Many institutions offer faculty development programs to help ambulatory preceptors overcome these challenges and improve their teaching skills.11 However, these programs compete with clinical continuing medical education (CME) programs for preceptors' limited time. Adding clinical content to these faculty development workshops has been proposed as a strategy to consolidate preceptors' CME time and institutions' CME resources.12,13 Furthermore, integrating the 2 domains may facilitate learning as participants apply the clinical content in clinical teaching scenarios.

In this article we describe the development and implementation of a faculty development program that integrated primary care genetics with office precepting skills. Additionally, in a prospective trial, we determined the impact of the program on participants' skills and behaviors in both areas.

METHODS

Subjects and Setting

We invited university-based and community-based general medicine faculty who precepted medical students or internal medicine residents in a variety of ambulatory settings, including community practices, hospital-based clinics, community health centers, and a Veterans' Administration hospital. We advertised the faculty development program through mailed brochures, e-mail, and telephone follow-up. Participation was voluntary.

Intervention (Faculty Development Workshop)

In developing the curriculum for the workshop, we were guided by a needs analysis, which included an internal review of current faculty development efforts and focus groups and a written survey of community-based preceptors. The deputy dean for medical education and the ambulatory internal medicine student clerkship director facilitated 6 focus groups of 4 to 5 community-based preceptors. We asked the preceptors to identify ways in which the medical school could facilitate their continued participation in the teaching program, including faculty development, subsidization of CME, greater integration into “university life,” and the impact of trainees on their office operations. The written survey was mailed to community-based preceptors in the third-year ambulatory internal medicine clerkship, the fourth-year primary care clerkship, and the primary care residency program ambulatory block rotation. The survey inquired about preceptors' level of interest (on a 3-point scale) in training in specific teaching skills, rewards for participation in the teaching program, and participation in faculty development workshops, including preferences for timing, frequency, and location.
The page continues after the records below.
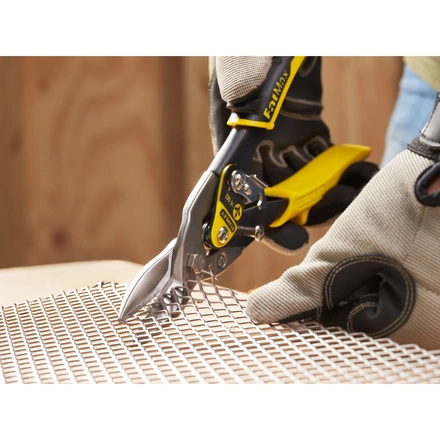 Tesoura de Corte de Chapa Corte Reto FATMAX Stanley 2-14-563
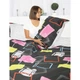 Простынь MirSon Сатин Premium 22-1157 Toinet 200x220 см (2200001982062) - изображение 5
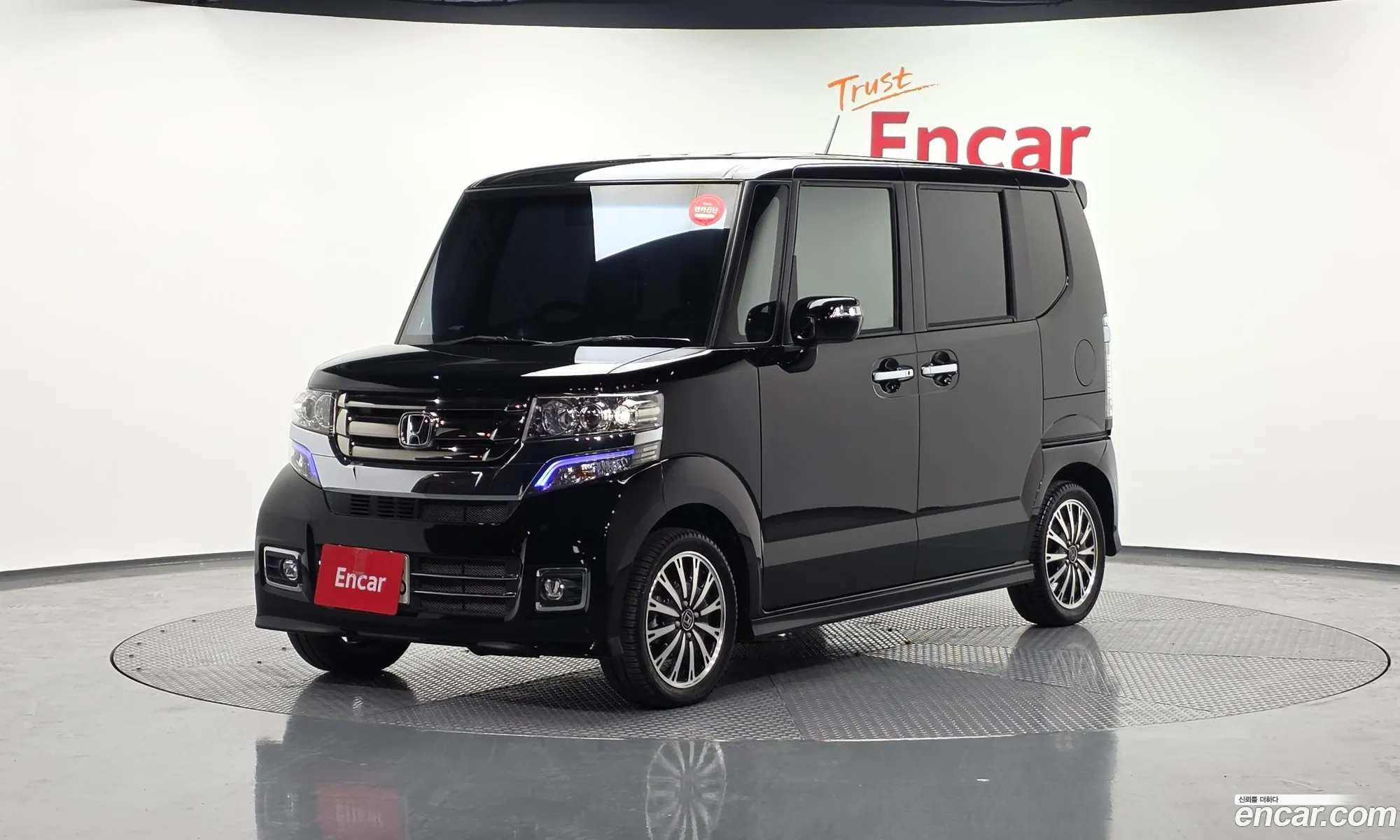 Honda N-BOX 2016 KL90B3C6GGZ2ZA048 — 20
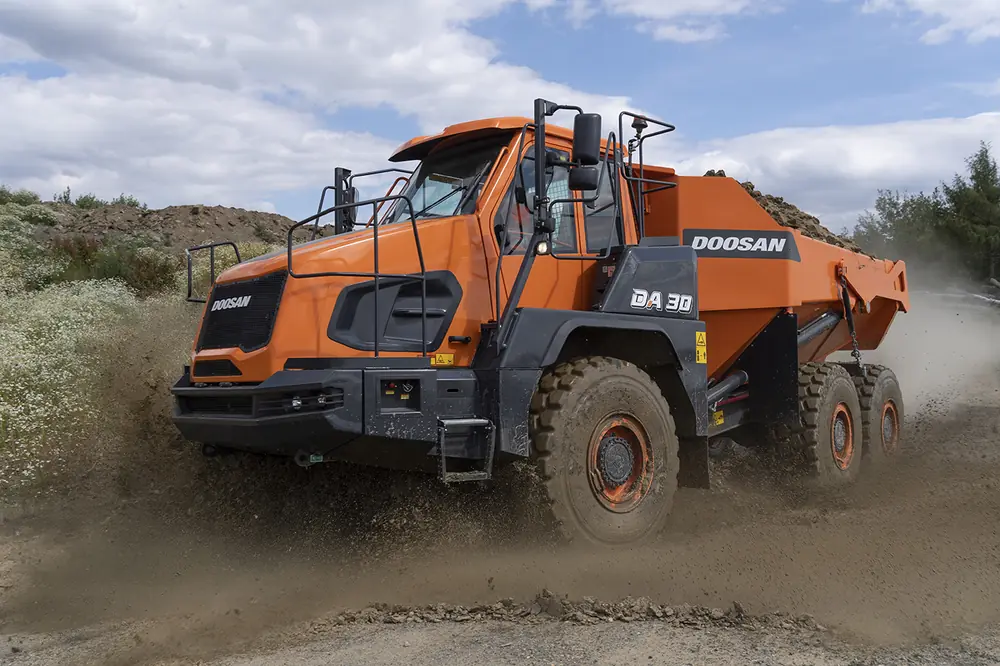 Doosan DA30-7
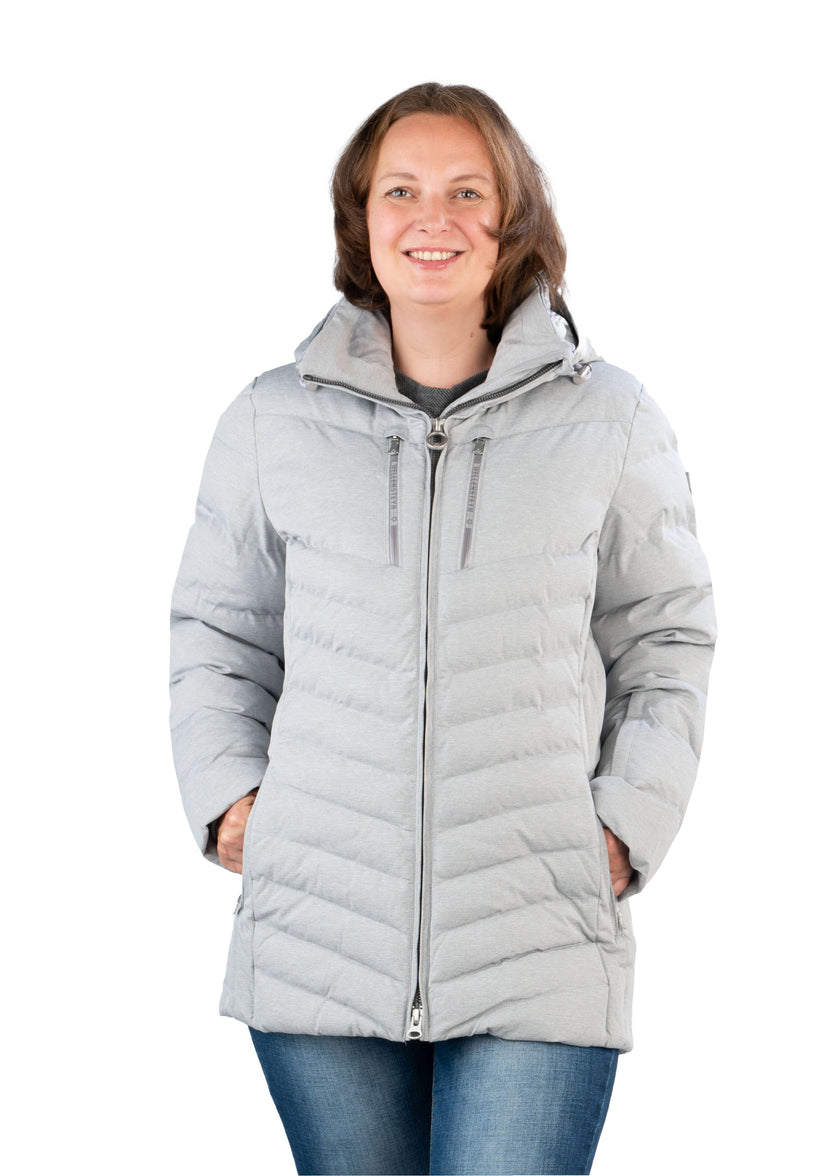 Steppjacke - Carmenere Lady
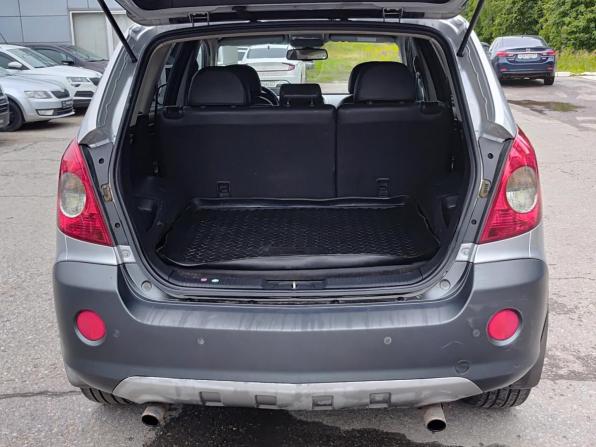 Opel Antara I с пробегом 2008 года, цена 590 000 рублей, 278563 км, внедорожник, Автокод Объявления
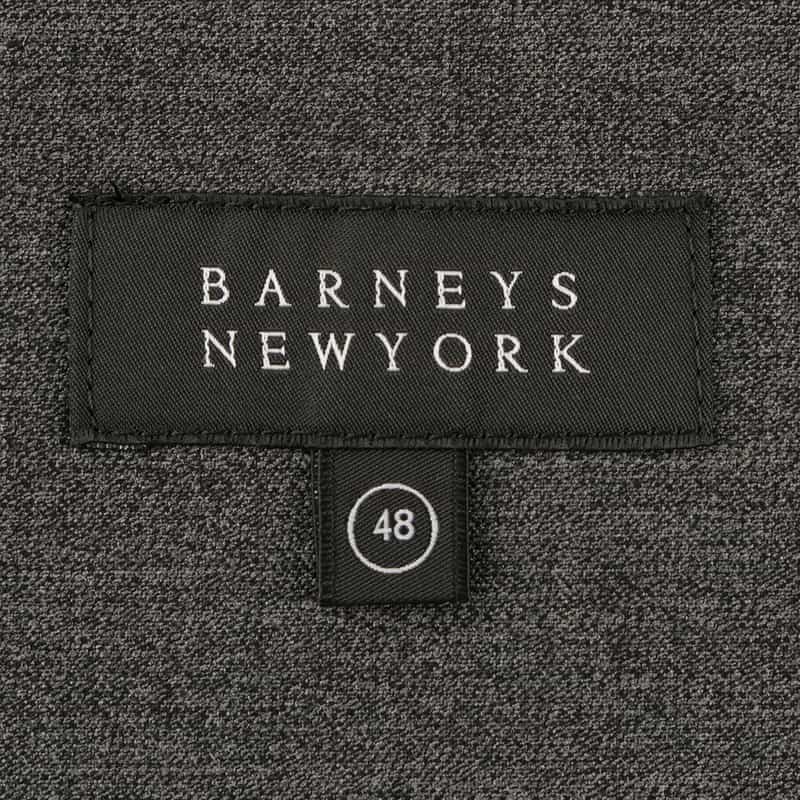 BARNEYS NEW YORK セットアップ テーラードジャケット GRAY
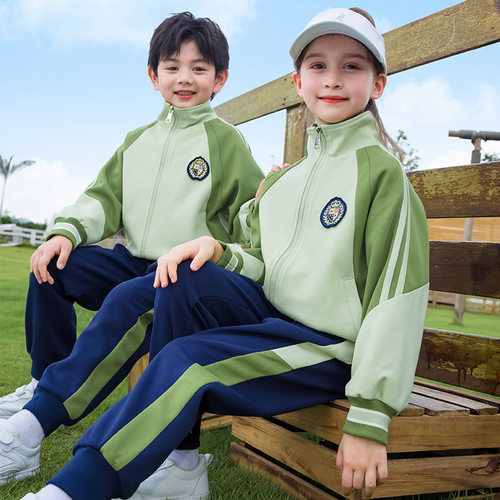 成长派对小学生校服春秋装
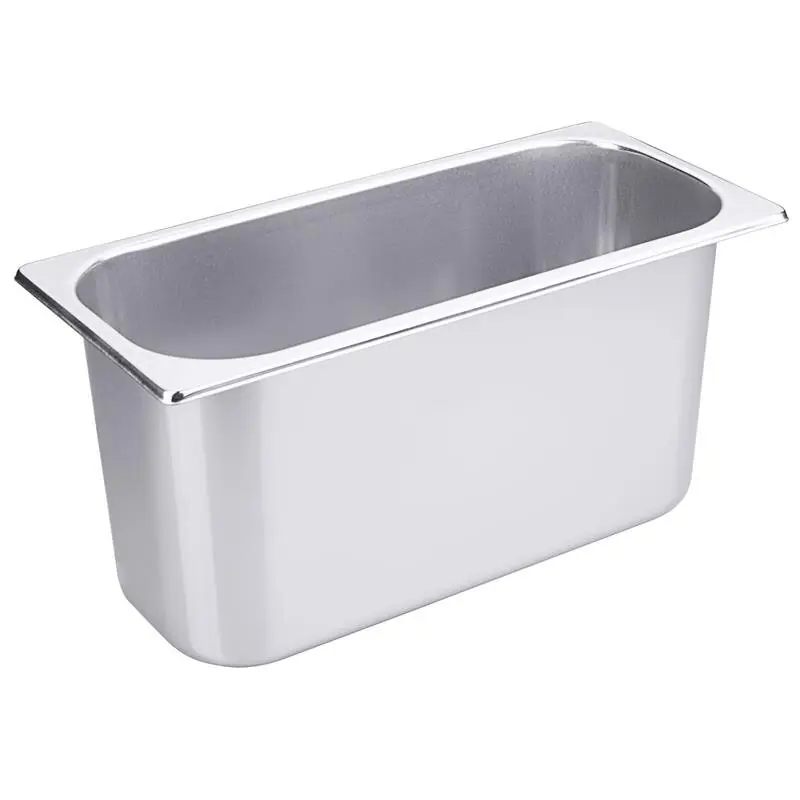 Preiswert Eisbehälter 36 x 16,5 x 17 cm - 7,7 ltr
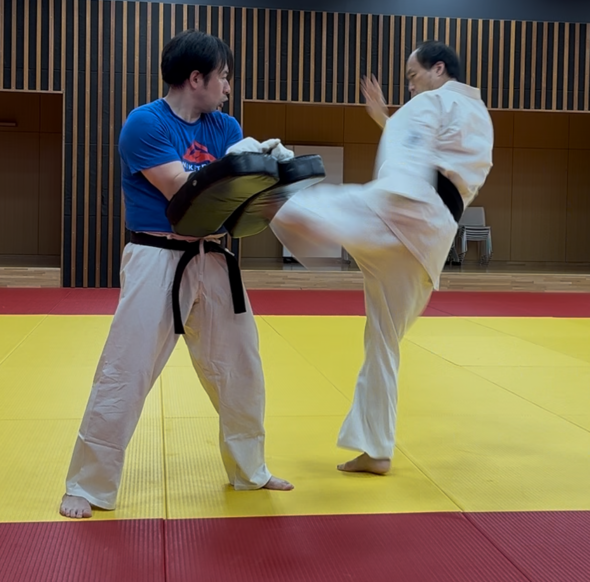 Let’s enjoy Karate 30才からの大人の空手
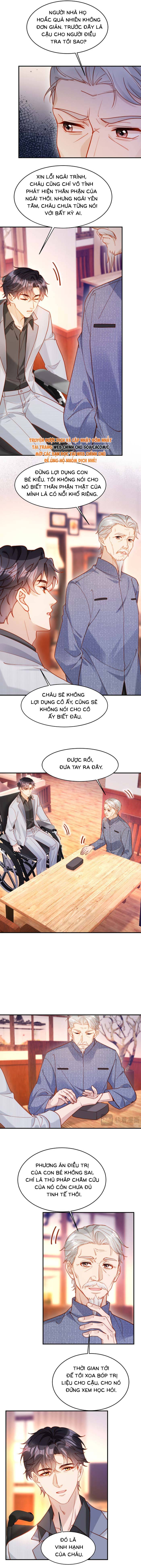 Nụ Hôn Xung Hỉ: Đại Lão Thực Vật Sống Lại Rồi! - Chap 46 - Trang 6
It also included an open-ended question about “barriers to effective precepting.” Thirty-nine of 105 (37%) preceptors returned the survey after 2 mailings.

The focus groups and survey revealed the following themes:

  1. A strong desire to attend faculty development workshops that addressed the specific challenges of teaching in the community office

  2. Experiencing time pressure as a formidable barrier to accommodating trainees (although preceptors expressed that they could not afford to reduce their patient volume, even though this might improve their effectiveness as teachers)

  3. A high level of interest in improving clinical competence in specific areas

  4. Difficulty finding time to attend faculty development workshops and other CME activities. (Within this constraint, preceptors expressed a preference for biannual frequency, weekday evening times, and a central location.)

The needs analysis reinforced our decision to integrate clinical content with training in clinical teaching within a single workshop, because this would allow preceptors to consolidate their limited CME time and satisfy their interest in improving their clinical competence. In developing the curriculum, we focused on the precepting encounter in the community office. In response to the preceptors' lament of time constraints, we sought to help them efficiently utilize the brief interaction time with a learner. Our choice of clinical content did not directly derive from the needs analysis, because the survey did not include questions about specific clinical topics. We chose genetics as our clinical content because of its rapidly increasing relevance to primary care providers, our access to local expertise, and our belief that this “hot topic” would attract participants. In particular, we covered genetic susceptibility to cancer, focusing on screening for mutations in the BRCA genes. We offered the same workshop on 2 evenings in locations 25 miles apart.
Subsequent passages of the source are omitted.